Estamos perante uma marca familiar com uma história longa, que já vai na 4ª e 5ª geração. Como se equilibra esse legado com a necessidade de continuar atual?

D.L.C. — O mundo evolui. Tenho uma regra que digo às pessoas que trabalham comigo: quem não sonha não tem espaço para trabalhar aqui. Cada pessoa tem de cumprir a sua função, naturalmente, mas também deve existir espaço para inovação, sonho e realização. Isso aplica-se a todas as áreas. Pode ser o enólogo a pensar num vinho novo, alguém na linha de engarrafamento a procurar uma forma de produzir melhor ou qualquer outra pessoa da equipa a imaginar uma solução diferente. Temos de dar espaço para isso.

Mesmo correndo o risco de existirem erros?

D.L.C. — Quando damos espaço, as pessoas também vão errar. O erro faz parte do trabalho. Errar dez vezes na mesma coisa é que já é outra história. Quem experimenta alguma coisa nova, pode falhar, aprender e melhorar na vez seguinte. Temos de continuar a sonhar, a errar e a criar.

Essa vontade de inovar também aparece nos próprios vinhos?

D.L.C. — Sim. O Invisível é, provavelmente, a nossa referência mais forte no mercado e nasceu dessa vontade de fazer diferente. É um vinho branco produzido a partir de uvas tintas, neste caso: Aragonez. Depois, temos outras referências monocasta e, através da Escolha do Enólogo, podemos lançar vinhos diferentes consoante aquilo que cada colheita nos permite fazer. Já trabalhámos, por exemplo, Moscatel seco, Viognier e Alicante Bouschet. A ideia é que também exista espaço para experimentar e para deixar que determinadas castas se expressem de uma forma mais marcada.

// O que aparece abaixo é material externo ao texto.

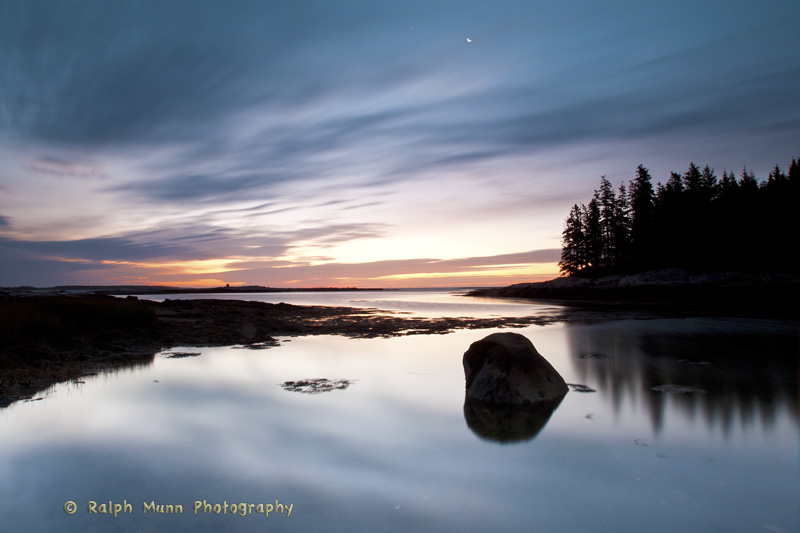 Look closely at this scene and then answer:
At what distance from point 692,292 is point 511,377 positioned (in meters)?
46.7

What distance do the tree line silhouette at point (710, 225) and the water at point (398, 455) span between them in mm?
54291

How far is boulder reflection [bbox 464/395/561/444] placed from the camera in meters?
6.99

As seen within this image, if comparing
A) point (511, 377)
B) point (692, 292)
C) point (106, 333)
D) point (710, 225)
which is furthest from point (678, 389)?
point (710, 225)

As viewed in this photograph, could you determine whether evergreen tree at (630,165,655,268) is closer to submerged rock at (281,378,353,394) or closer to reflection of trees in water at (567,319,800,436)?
reflection of trees in water at (567,319,800,436)

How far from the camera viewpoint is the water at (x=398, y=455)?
178 inches

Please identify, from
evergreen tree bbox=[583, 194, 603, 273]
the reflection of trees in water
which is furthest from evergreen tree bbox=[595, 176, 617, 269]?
the reflection of trees in water

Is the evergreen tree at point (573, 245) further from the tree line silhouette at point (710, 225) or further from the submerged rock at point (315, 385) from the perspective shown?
the submerged rock at point (315, 385)

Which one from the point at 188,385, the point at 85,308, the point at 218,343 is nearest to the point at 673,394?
the point at 188,385

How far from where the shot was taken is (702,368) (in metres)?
12.1

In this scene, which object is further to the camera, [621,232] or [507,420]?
[621,232]

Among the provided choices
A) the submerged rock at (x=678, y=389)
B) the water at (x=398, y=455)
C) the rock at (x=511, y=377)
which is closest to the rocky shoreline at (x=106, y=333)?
the water at (x=398, y=455)

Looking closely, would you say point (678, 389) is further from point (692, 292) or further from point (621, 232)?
point (621, 232)

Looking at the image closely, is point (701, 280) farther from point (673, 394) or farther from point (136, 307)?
point (136, 307)

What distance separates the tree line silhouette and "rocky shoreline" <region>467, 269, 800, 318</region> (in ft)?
20.7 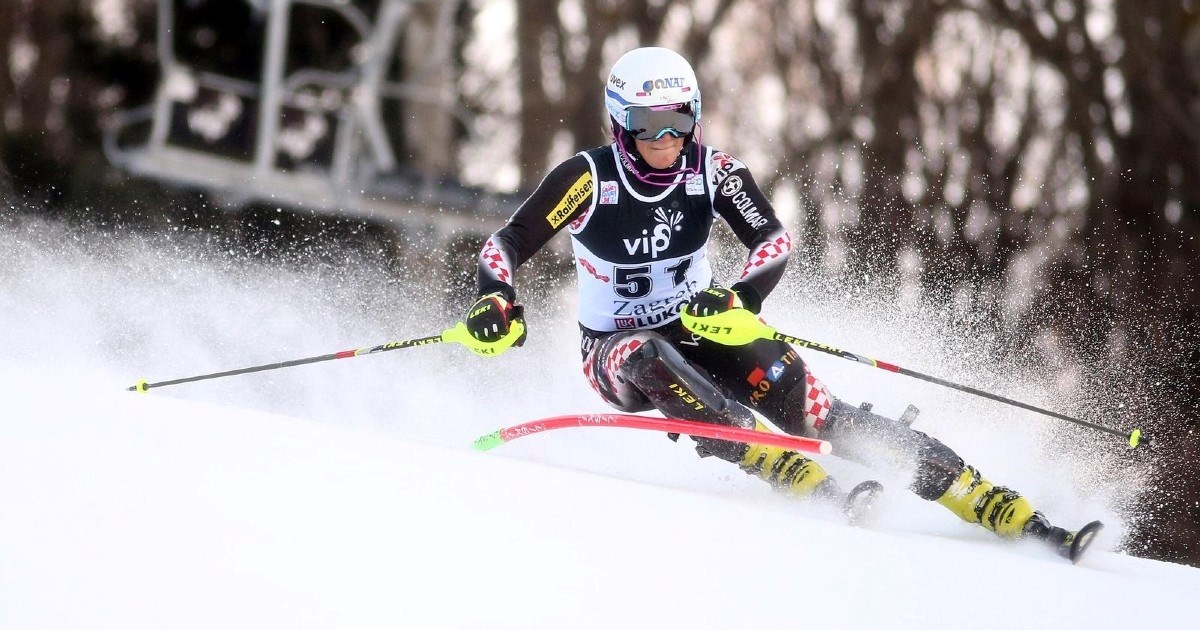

O consumo de vinho está a mudar. Onde gostaria de ver a Ervideira daqui a cinco anos?

D.L.C. — O mercado do vinho está a encolher e os hábitos estão a mudar, sobretudo nas gerações mais novas. Ao mesmo tempo, nós estamos a crescer em vendas. Onde quero estar daqui a cinco anos? Quero que haja mais gente a dizer: “Gosto destes tipos e gosto dos vinhos que eles fazem”. Não quero estar no meio de pessoas que bebem muito vinho. Quero estar no meio de muita gente que gosta de vinho. O vinho tem de estar associado aos bons momentos, ao prazer, à partilha, aos amigos e à conversa. Não pode estar associado ao excesso. É aí que queremos estar.

E como se comunica uma marca a partir dessa ideia?

D.L.C. — Creio que vamos sonhando alegremente. Queremos partilhar através da alegria. A Vindima Noturna é um bom exemplo. Existe uma componente de diversão e de experiência, claro, mas quem participa, vai também perceber que uma vindima é trabalho. Há ritmo, intensidade, é preciso apanhar a uva e fazê-la chegar à adega. A experiência não deve transformar esse trabalho numa encenação. Hoje, grande parte da vindima é mecanizada e isso também trouxe vantagens. A máquina não veio estragar a vindima; contribui para a qualidade das uvas e permite trabalhar a uma escala que seria impossível manter manualmente durante uma campanha inteira. Numa experiência, podemos vindimar à mão durante uma ou duas horas. Fazer uma vindima noturna inteira dessa forma seria outra realidade.